At my weekly yoga class last week we had a substitute teacher. It has been my observation that every yoga teacher has his or her own way of conducting a yoga class. Some teachers will talk you into a position and then leave you there for hours while they talk about emptying your mind of all thoughts. Others hold a yoga class which more closely resembles a Zumba class, taking you non-stop through a series of repeated positions till some in the room, me included, collapse into child’s pose.
The substitute teacher fell halfway between these two, so it was a good class. However, he did talk me into some positions new to me.
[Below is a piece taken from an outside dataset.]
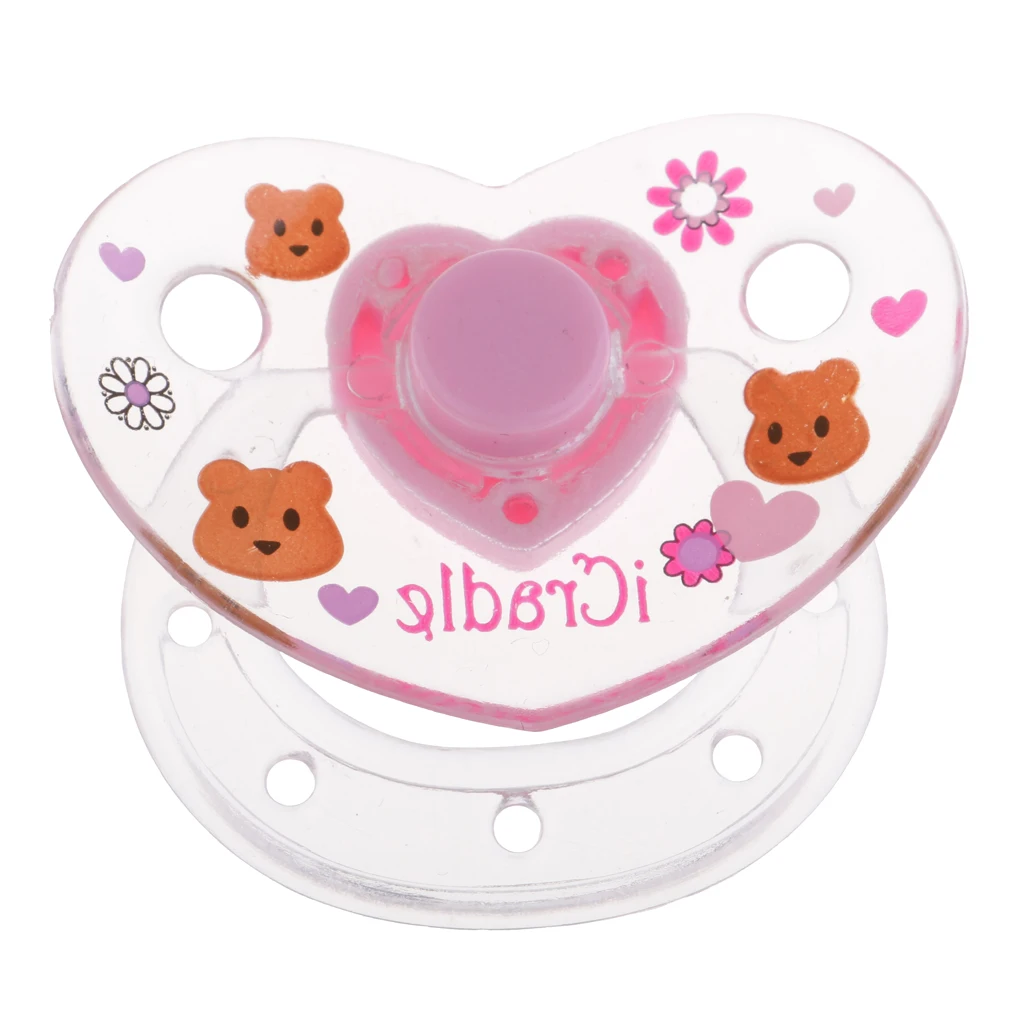 ABS Dummy Pacifier Reborn Magnetic Pacifier Toy Baby Doll Supplies Kids Birthday Gift Pink & Clear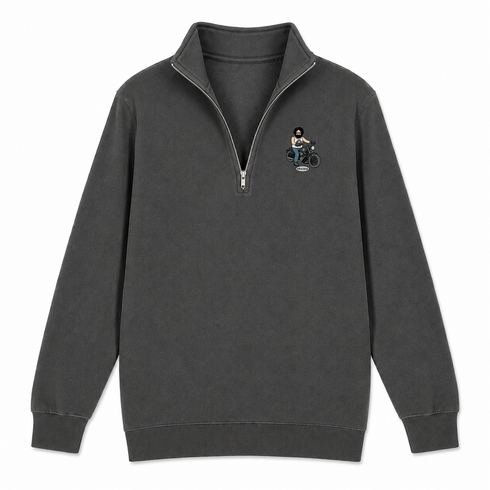 Jerry and His Hog - Life is dead.® - Premium Grateful Dead Quarter-Zip Pullover - Charcoal - 6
At one point my left foot was somewhere it had never been before, and my right hand was supposed to link up with my left hand somewhere along my spinal cord. For a few seconds, my hands did touch each other before I toppled over to one side.
It was in the span of those few seconds with my body so contorted that I said to myself: Oh! This is what Silf was talking about!
Margaret Silf, in her book, Inner Compass, devotes a chapter to addictions, also named negative attachments. She asks the reader to visualize a hook from which you are hanging. All of your energy is spent on the need to hold onto that hook. She asks you to imagine your body exhausted, your arm stiff, your hand raw. Your body, she explains, is trying to tell you that you were not made to carry on like this. My toppling over to one side after contorting myself into this yoga position proved the point for me.
Silf uses the hook as an analogy for addictions and negative attachments, attachments on which we are overly dependent. Dependent comes from the Latin, pendere, to hang – and even on to the German, abhangig, to hang down from. So, the hook analogy fits right in. These negative attachments or addictions can be to something such as alcohol, drugs, power, money or can be people, a spouse in a miserable marriage or a manipulative relative from within your own family.
What are the hooks from which you find yourself hanging in your life? Silf suggests that our feelings will tell us when we are inordinately attached to someone or something. In fear of the loss of that person, we cling on, contorting our minds and our lives so that under no circumstances will we let go and lose that person, that thing. However, something within stirs and whispers that we were not designed for such dependency: we should not have to put so much effort into one person, one thing. Something inside tells us that this ain’t right.
So, go ahead, says Silf. Envision the worst scenario. You let go of the hook, and fall to the cold hard floor. However, you do NOT plunge to your death in an abyss, as you had thought you would without this person, this thing in your life. Rather, you stand up. You are bruised, but you take a step and start to walk. It was a hard-won freedom, but it is freedom and it signals growth, a life without your raw hands hanging on to a hook.
So go ahead. Let go. You’ll be fine. I promise.